Resilience and AI Service

cescoffier commented 1 month ago

This issue discusses the resilience in AI Services and their impact on the memory/context.

Context:

I'm using Granite 7B instruct, with a relatively limited context size (2048 tokens). My prompt (user message) is relatively large. I was using @Retry on the IAService method, as the model misbehaves sometimes, and retrying improves reliability (the response time is not a factor in my context).

My AI Service calls are part of an HTTP request processing, so they are part of the request scope associated with the HTTP request.

Problem:

When retrying, the context grows, including multiple times the user message, which eventually exceeds the context size.

Let's try to describe it:

HTTP request -> 
       - AI Service call - context=[user message] -> Failure
       - AI Service call (retry) - context=[user message, user message] -> Failure
       - AI Service call (retry) - context=[user message, user message, user message] -> Failure, because of context size exceeded (unrecoverable)
       -   AI Service call (retry) - context=[user message, user message, user message, user message] -> Failure, because of context size exceeded (useless, it's not recoverable)
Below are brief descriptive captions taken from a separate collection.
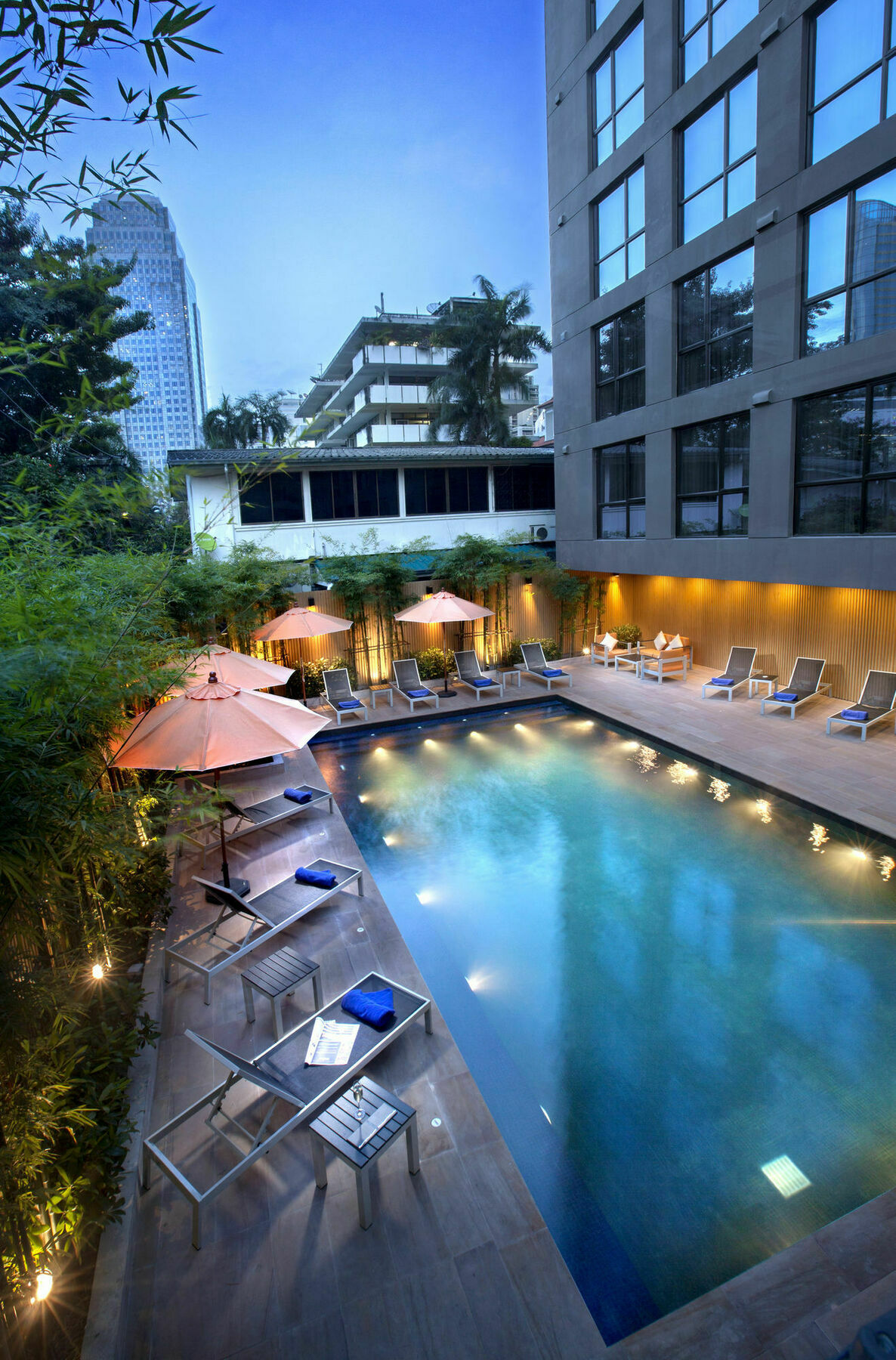 Galleria 12 Sukhumvit Bangkok By Compass Hospitality Екстериор снимка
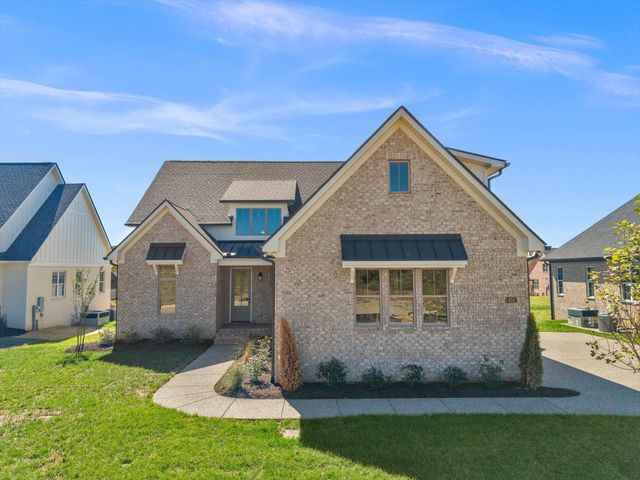 814 Brookdale Ct, Lebanon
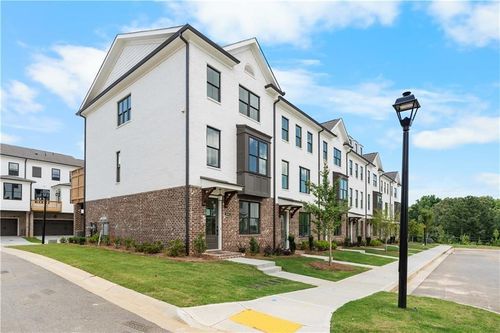 5440 Howington Ct, Buford, GA, 30518-6445 | Card Image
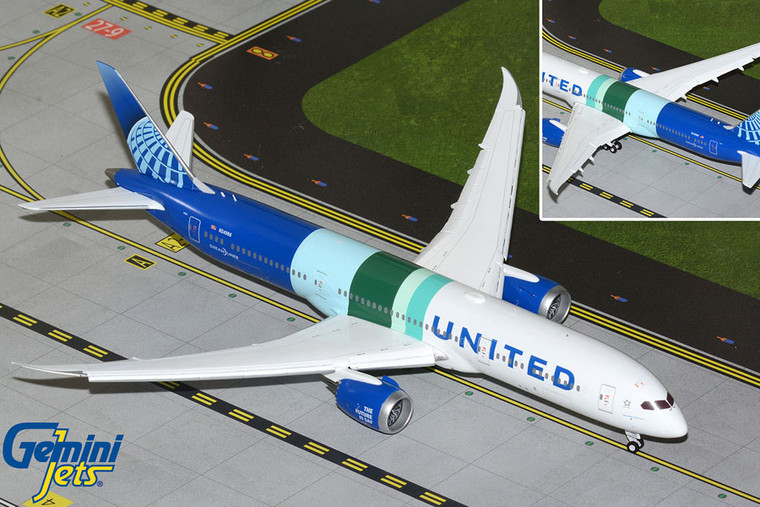 Gemini200 United Airlines B787-9 N24988 "The Future is SAF" w/ flaps down G2UAL1395F Scale 1:200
While my issue was on a @Retry, it may happen when using @CircuitBreaker, and so on.

Some ideas:

We could imagine a way to manipulate the context when a retry is executed so we would not append it multiple times. However, SmallRye Fault Tolerance does not have this capability yet. We could inject an ID into the call to detect that.
We could handle retry in the chat client. The problem is that we would also need rate limiting and circuit breakers, which would duplicate a lot of complex code.